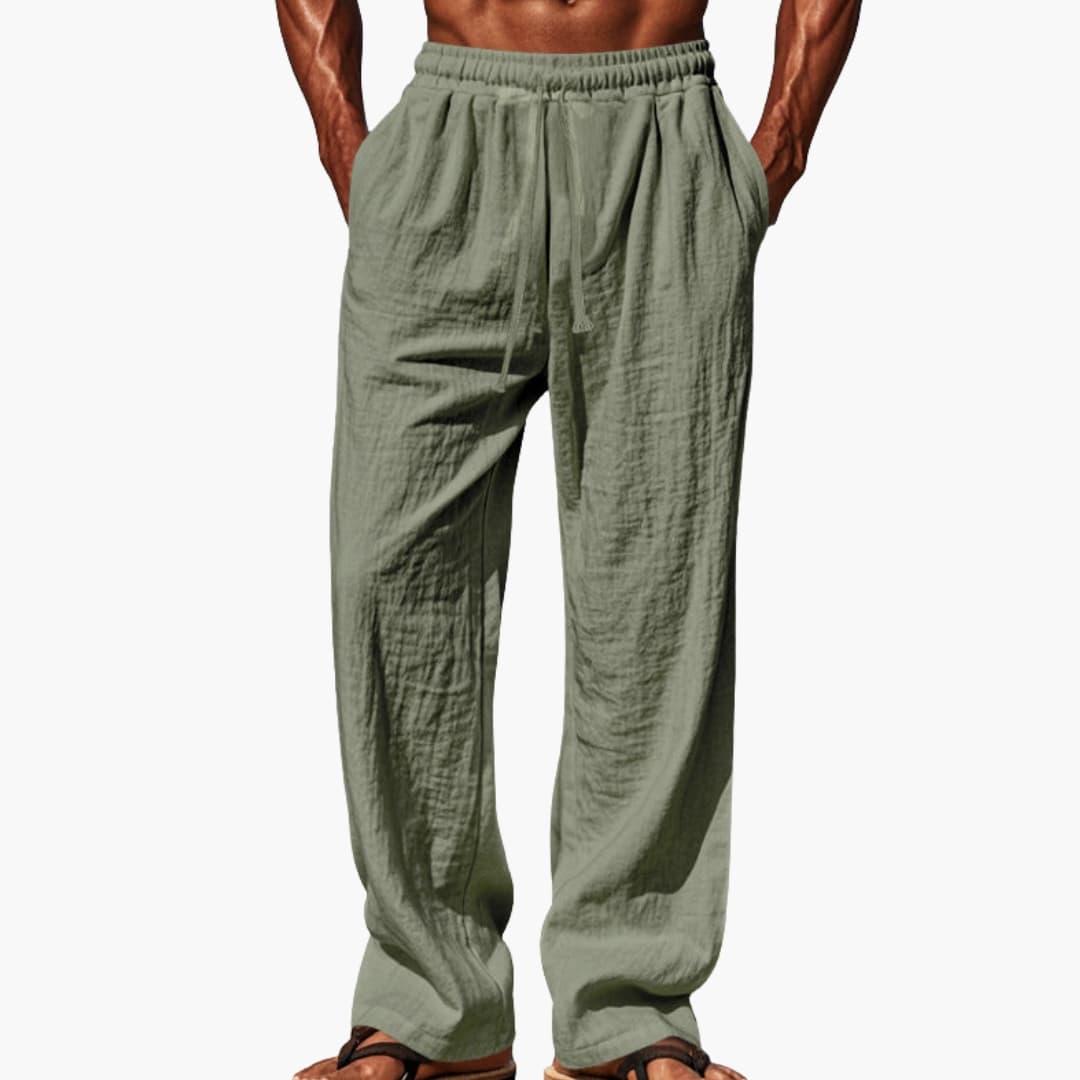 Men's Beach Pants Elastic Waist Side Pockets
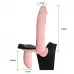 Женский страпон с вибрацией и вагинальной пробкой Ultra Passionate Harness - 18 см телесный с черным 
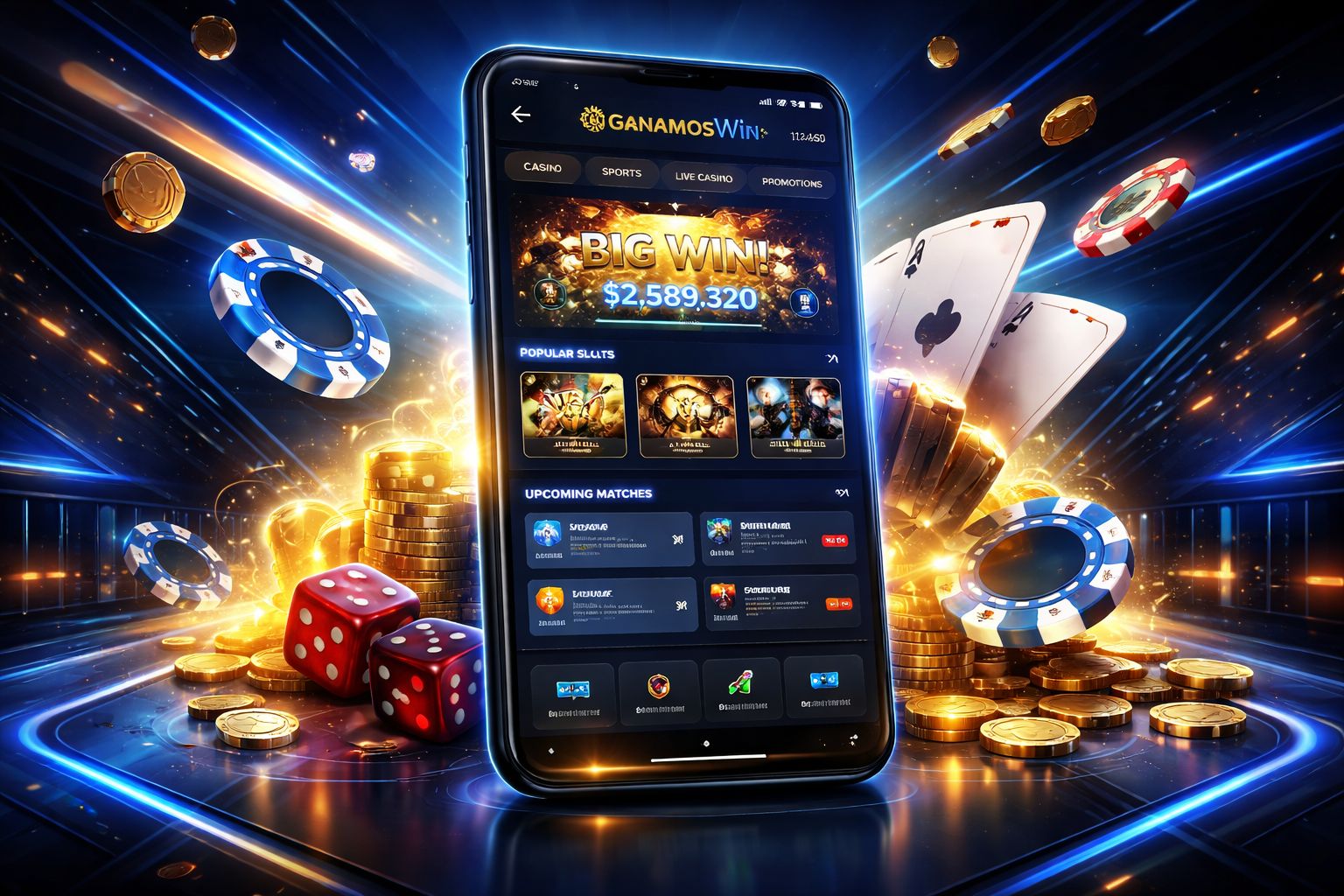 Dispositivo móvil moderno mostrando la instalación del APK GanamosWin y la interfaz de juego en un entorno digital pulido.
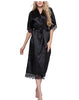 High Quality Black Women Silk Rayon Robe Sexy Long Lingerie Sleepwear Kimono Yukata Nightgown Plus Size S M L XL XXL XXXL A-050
...
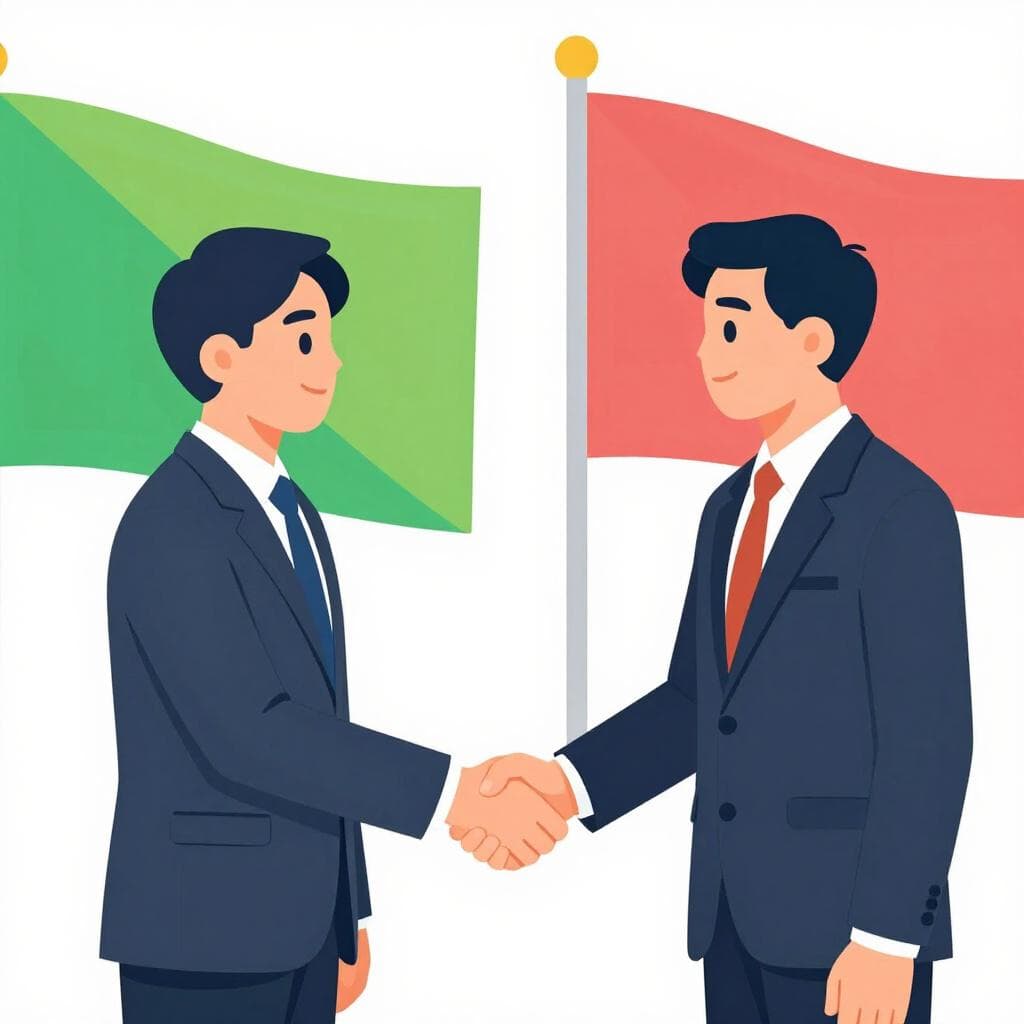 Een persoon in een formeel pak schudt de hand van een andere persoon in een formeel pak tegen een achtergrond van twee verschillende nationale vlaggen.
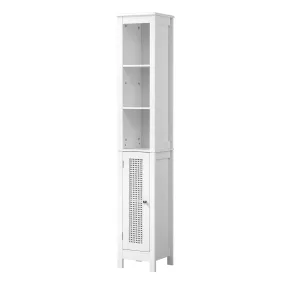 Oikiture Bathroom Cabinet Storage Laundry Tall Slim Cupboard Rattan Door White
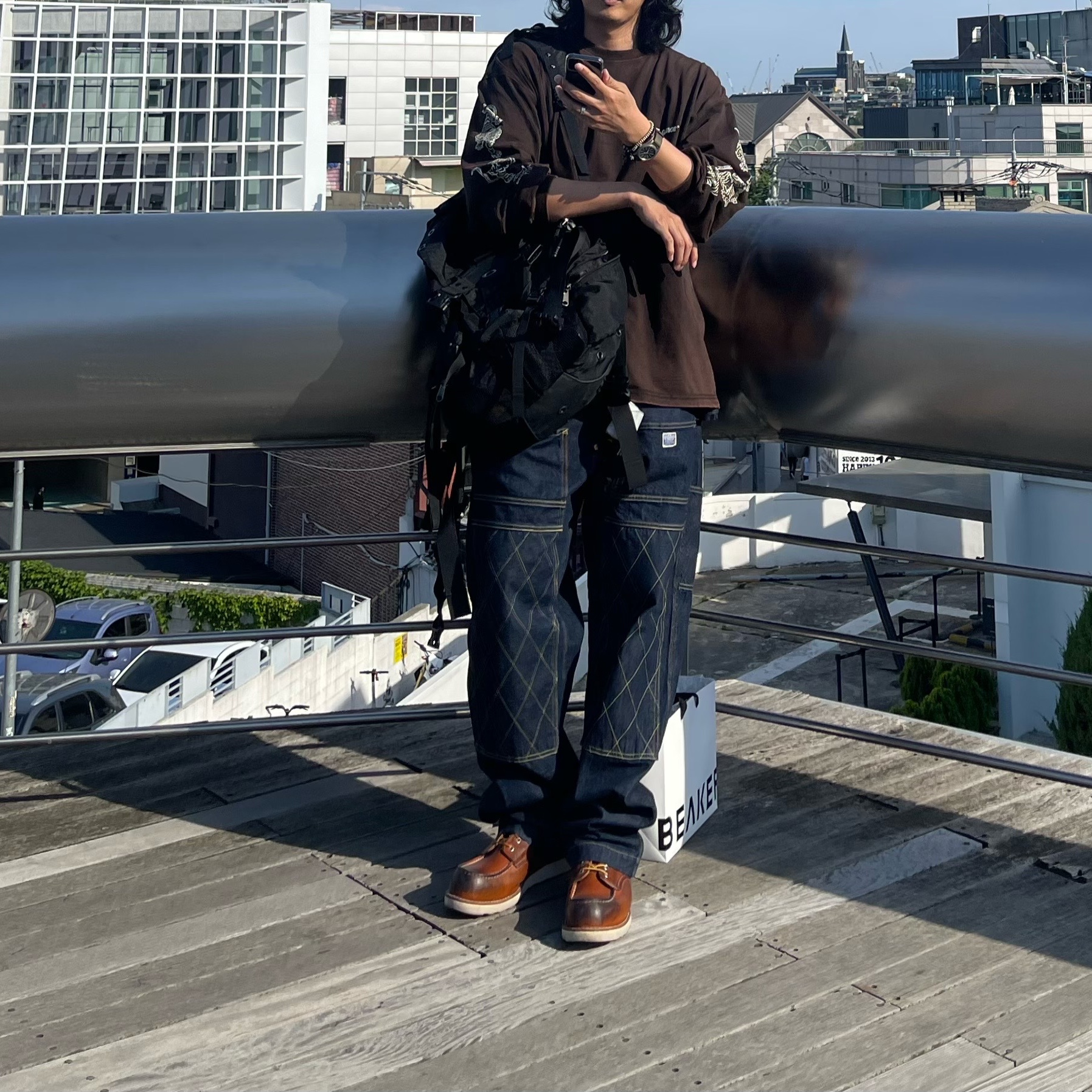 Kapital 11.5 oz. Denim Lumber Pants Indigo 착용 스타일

_Directions for this task_
Though the entries above contain pictures, none should be copied; reproduce only the lines between the one holding "Dispositivo móvil moderno" and the one holding "High Quality Black", inclusive, exactly as written.

_Task result_
 Dispositivo móvil moderno mostrando la instalación del APK GanamosWin y la interfaz de juego en un entorno digital pulido.
 High Quality Black Women Silk Rayon Robe Sexy Long Lingerie Sleepwear Kimono Yukata Nightgown Plus Size S M L XL XXL XXXL A-050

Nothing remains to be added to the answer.